What CDS means ?

Peter Rice pmr at sanger.ac.uk
Tue Apr 11 03:44:44 EST 1995

In article <1995Apr11.024746.18275 at nlm.nih.gov> francis at borduas.nlm.nih.gov (Francis Ouellette) writes:
>   BMPOUNY at weizmann.weizmann.ac.il wrote:
>   >           I have to know for sure what is the meaning of CDS.
>   >      For example: after doing "fetch" for one gene sequence,
>   >      I get in one of the lines :
>   >       CDS   283.   .1695
>   >     What does that mean ?
>   CDS is CoDing Sequence and the numbers refer to the interval
>   on a nucleotide sequence which refer to the the coordinates
>   which encode the protein.  This is usually expressed as:
>   CDS   283..1695
>   in a GenBank flatfile. (no space between the "..")

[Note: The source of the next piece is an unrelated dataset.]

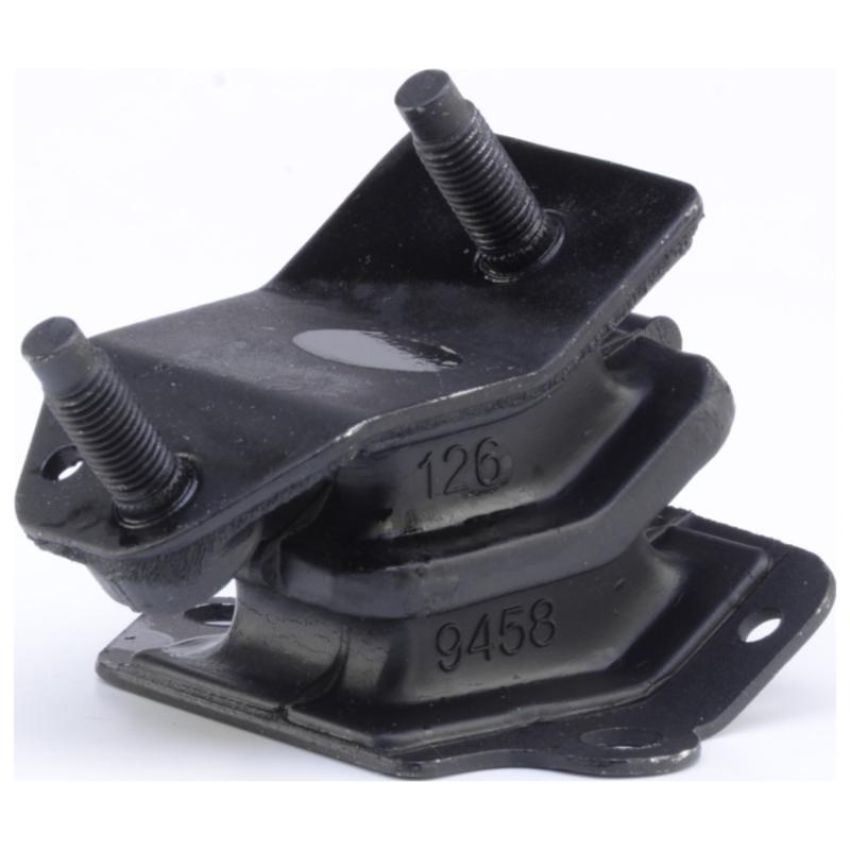 ANCHOR MOUNTS 9458 TRANSMISSION MNT REAR LEFT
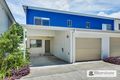 Property photo of 32/245 Handford Road Taigum QLD 4018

And those spaces? Well, they come because when GCG extracts the sequences
the software puts a line ending in ".." just before the sequence starts, 
and ".." is not allowed *anywhere* else. Even though this was well known
when the feature table was redesigned, for some reason the ".." still
got used.

Curiously though, GCG database reformatting insists on changing ".." to ". ."
(with a single space) when writing the database files. This is not necessary,
and makes GCG formatted entries look funny in, for example, SRS. When GCG
software extracts a database entry, it checks again for changing ".." to
". ." anyway. This will "always" be the case - the PIR database also has
".." around and those files get taken 'as is' when they are reformatted.

So I have modified GCG's EMBLTOGCG locally to keep the ".." with no
problems and definite benefit for SRS.

I also changed the DE line reformatting to put the species last instead of
first. Much nicer when looking at the output of a database search. GCG only
did it, I think, for the abominable STRINGSEARCH program (RIP).